Think about a day when you want to say something and you feel that the Internet feels like too distant a medium. The Internet is so close to us, so intertwined in our lives that the perception of distance feels like a make-believe construct.

Anonymity has potential to offer a voice to the invisible identity, the silenced perspective, the overlooked persona, the taboo desire. Could it also be harnessed for accessing and expressing that which is experienced in the present? Could anonymity be that filter which stands with the least amount of obstruction to experiencing the present as it unfolds, does it offer that means to experience more freely?

Why are you online? What are you looking for online? What do you see? How does a visually impaired person experience the internet? What does that feel like? And then, what do you say online?

From awkwardness and discomfort as the minimum level of experience, we are moving to anger, disinterest and boredom [B5]. This social reality is being exacerbated by the manifestation of our realities on the internet. Anger is a mode of communication that rejects existing content in the pipeline and allows a relentless push mode of transmission. Disinterest is a lack of empathy that we are privileged to employ, while, at the same time, displacing and dismantling existing systems of falsehood and decay that are populating the system. Boredom is disengagement that comes from an immunity to words that don't mean anything - floating in the air, timed to music or masquerading as knowledge.

If we keep an open mic near a flock of passionate birds, will the flapping and other sounds become a cacophony to form an interesting soundscape? Do birds become conscious of an open mic?

Surfatial works for the frustrated seeker, seeking nourishing clarifying content on the internet. The internet has become a shopping mall, but this doesn't mean that we can't walk around and talk to people.
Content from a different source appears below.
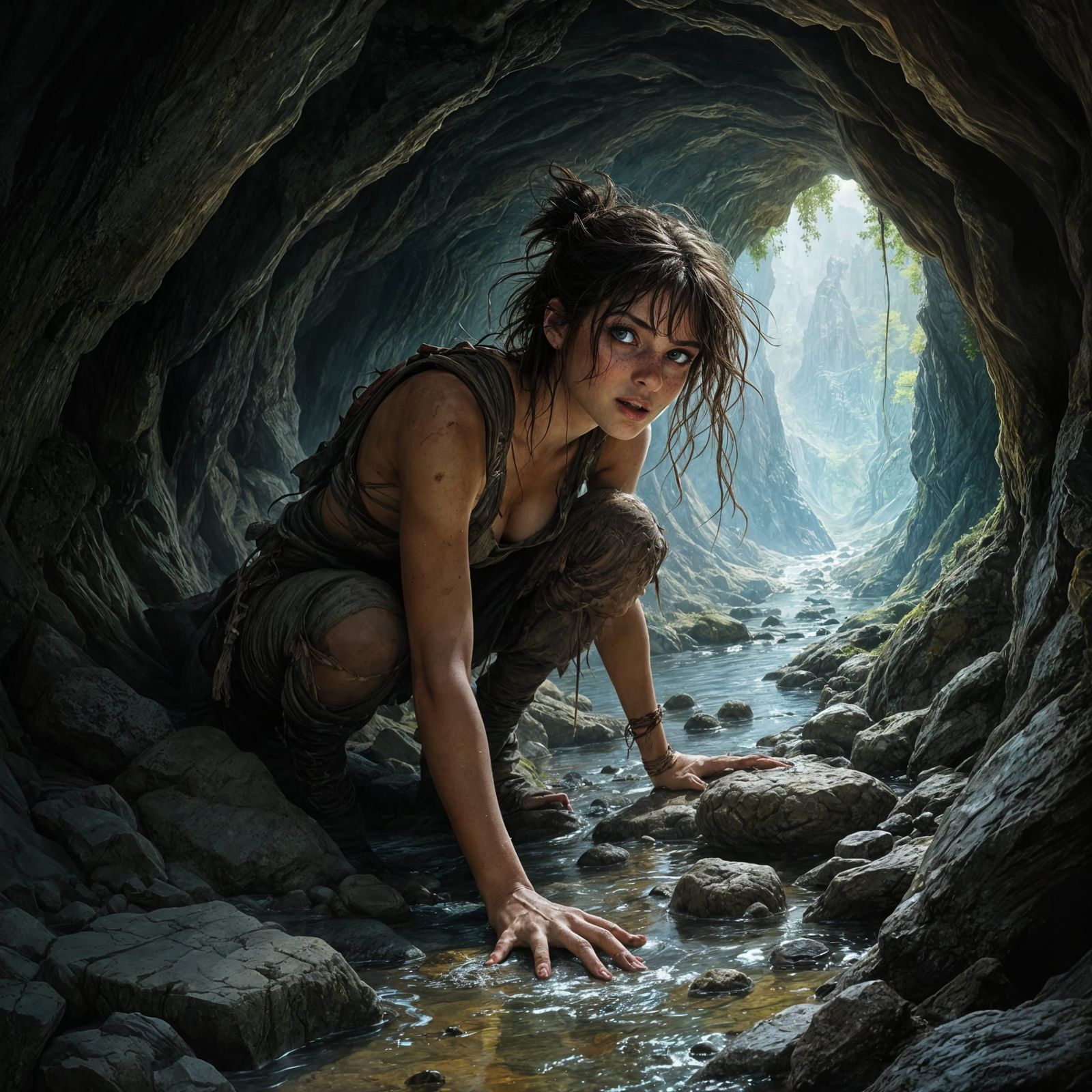 Fairy Tale Adventuress Crawls Through a Cave Tunnel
What to do? How to act? What to produce? What should the lost and wandering tribes of the world do to express with diversity? Is there some secret pathway to knowing what to do that is only accessible to deviants?

Production means to render an output, from the flux that we encounter in our experience. We can also choose not to produce but then we end up with a mass of material and no narrative.

Does deviation from the norm guarantee some kind of clarity? Why can't ordinary people know? Why do they have to be inspired and awakened and creative to know? Is there nothing that flows in the narrow channels of propriety?

Deviation does guarantee a unique pool of content being made for us to access. But the question is how this access is setup for a kind of secondary process - one that is possible only after the ordinary has been dealt with and has led to something. Deviant content leads us further away from the sugar-coated annals of the plain world that is meant for mass-consumption.

We live in echo chambers online and off. An infrastructure needs to be in place for the flow of a lubricant [B6] within echo chambers so that the conversation in the closed loop becomes smooth enough, and when a disassociation from the self or a disparate viewpoint happens, it is less painful. The echo-chamber becomes the social space when multiple levels of echoes are able to inter-mingle in ambiguous contexts and containers.

If we were not productive beings we would not be able to deal with ourselves. We would be strangers to our own legacies.

Spaces for Speculative Content Production

Surfatial offers an online stage for self-enactment, where there can be friction without producing sparks. As a producer of assembly line infrastructure around access to knowledge, we find denial very useful. Denial of identity, denial of social constructions, denial of expected modes of speaking in conversations. We find that we create even the room for conversation around the need for alternatives after allegiances have stopped being in existence.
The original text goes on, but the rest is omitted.